トランプの行動原理いくつかあるが、安全保障上のプライオリティは対中国戦略だ。米国最大の脅威として中国をみなしている。
ウクライナ停戦合意交渉のプロセスで見せたトランプの「親ロシア」は「対中国」に他ならない。それは今回の相互関税でもあからさまである。
南極近くの無人島にまで10%の関税をかけているのにロシアへの関税歯なんとゼロである。
ロシアへの特別な配慮は、中国との武力紛争を想定した時に、ロシアとの二正面作戦だけは避けたいとの計算が働いているからだろう。

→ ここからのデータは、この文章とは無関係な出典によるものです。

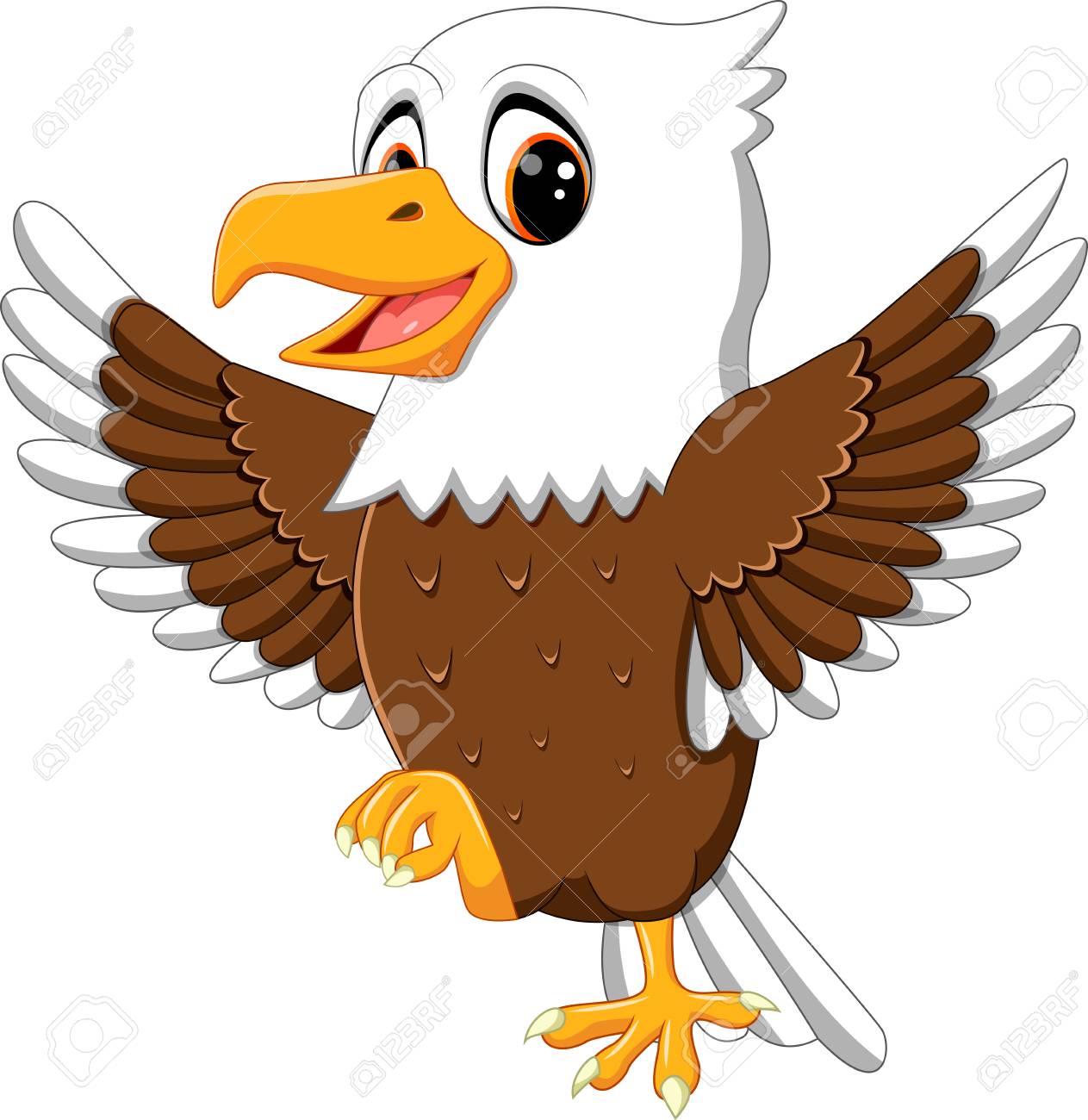 Detail Cute Eagle Clipart Nomer 4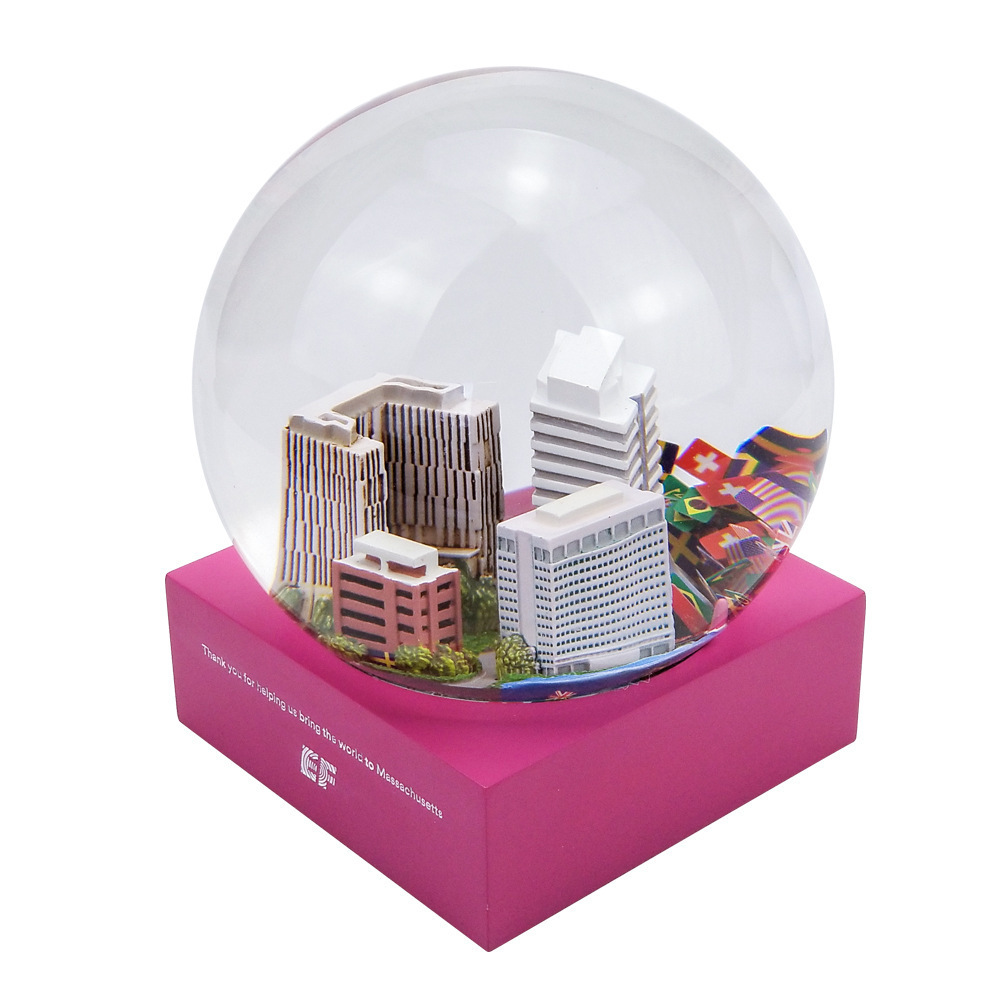 100 mm Celebration de lecole Ornement culturel Ornement de luxe Kit de souvenir Gift Snow Ball / Snowball / Custom Snow Globes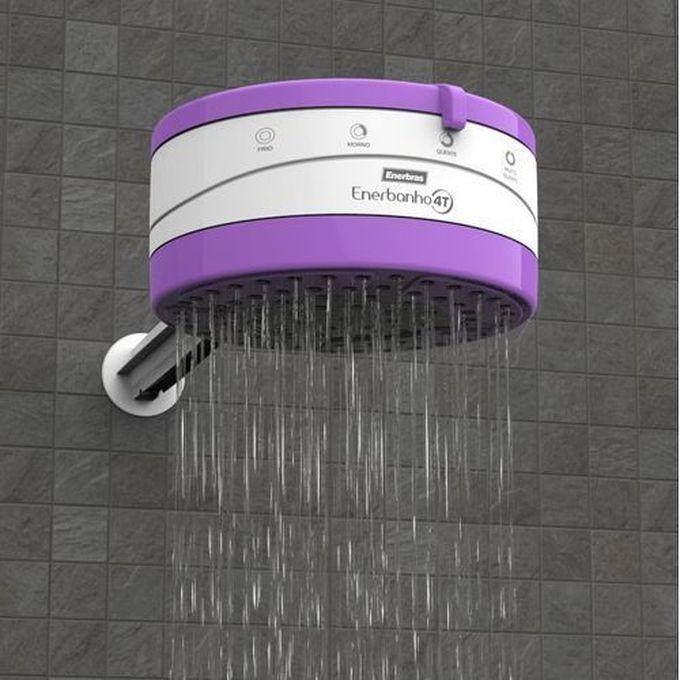 Enerbras Enershower (4T) Instant Shower Water Heater - 4 Temp Violet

米国が重要鉱物資源を中国に大きく依存している。レアアース、グラファイト、リチュウム、コバルトなど需要鉱物は
世界に点在してはいるけど、の精錬・加工のサプライチェーンは中国の独占状態だ。
たとえばEVや風力発電に不可欠なレアアースは90%、リチュウムイオン電池の負極剤に使用されるグラファイトに至っては100%中国の独占。トランプがウクライナとロシアの停戦条件に「重要鉱物資源」に執着する理由もここにある。中国との武力衝突を意識してのことに他ならない。
相互関税の国別の税率を見ても対中国戦略があからさまだ。中国に34%の追加関税(合計59%)を課しただけではない。中国企業が生産拠点を大量に移しているベトナムに46%もの高税率をかけている。
ベトナムには日本企業も多数進出しておりとばっちりもいいところ。繰り返すがロシアへの相互関税はゼロだ。
トランプ関税からは米中戦争の未来が透けて見える。トランプを単細胞のバカ扱いするのはやめた方がいい。